● **SUPPLIED DATA**:
== Segment start ==

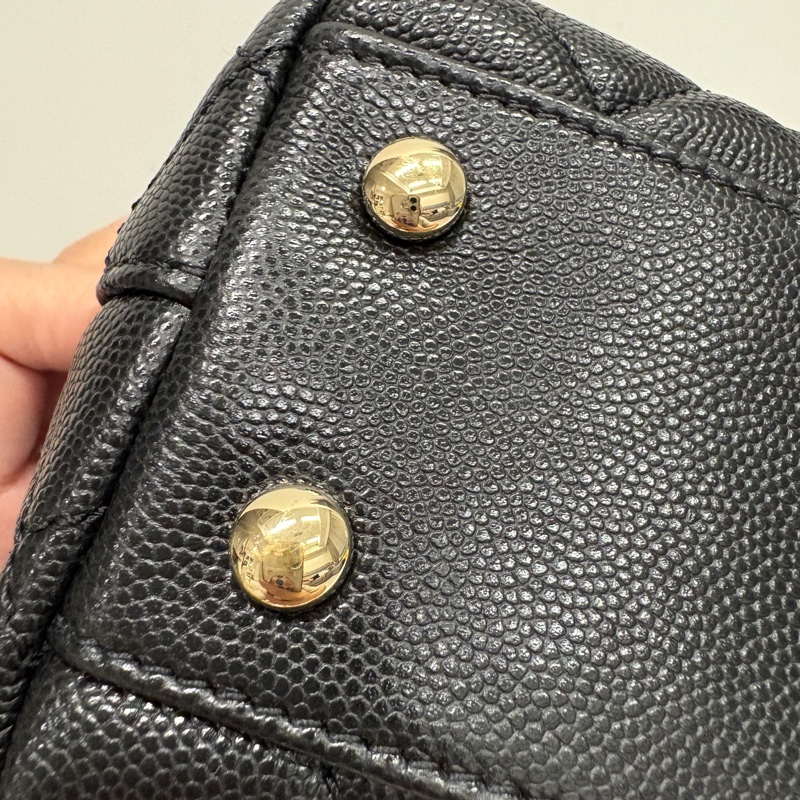 Chanel 香奈兒 coco handle 黑金 附購證 少用9成新-18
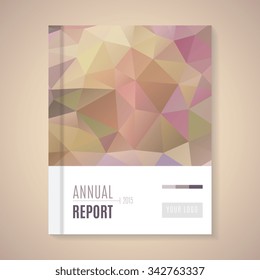 Cover Annual Report numbers 2015,  vector illustration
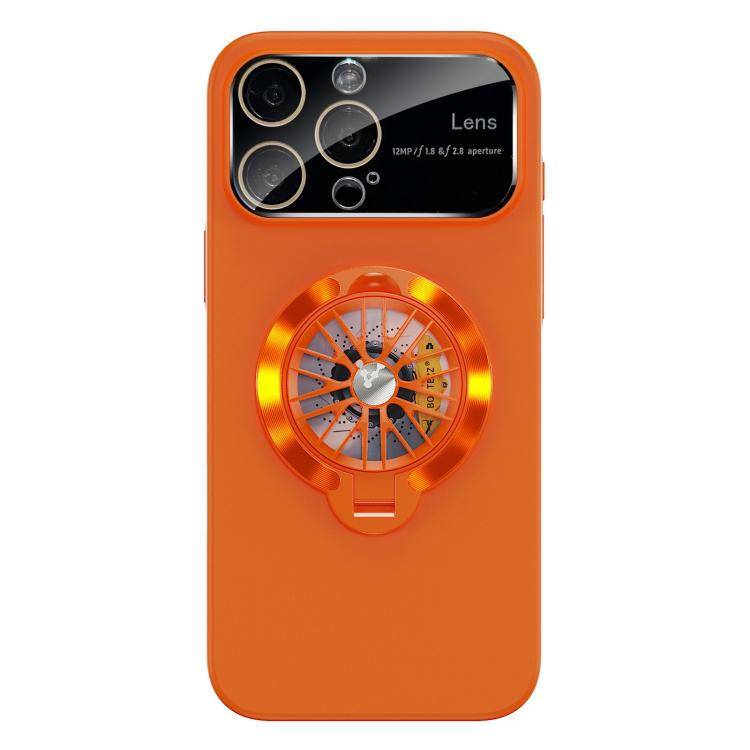 Capa para Telemóvel Magnética com Janela para Câmara em PC Vidrado e Suporte Giratório, Para iPhone 16 Plus, Para iPhone 16, Para iPhone 15 Pro Max, Para iPhone 15 Pro, Para iPhone 15 Plus, Para iPhone 15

== Segment end ==

● **REQUIRED WORK**: Return nothing except the lines from the one containing "Cover Annual Report" through the final line of the data, copied exactly. Leave out all pictures.

● **OUTPUT OF THE EXERCISE**:
 Cover Annual Report numbers 2015,  vector illustration
 Capa para Telemóvel Magnética com Janela para Câmara em PC Vidrado e Suporte Giratório, Para iPhone 16 Plus, Para iPhone 16, Para iPhone 15 Pro Max, Para iPhone 15 Pro, Para iPhone 15 Plus, Para iPhone 15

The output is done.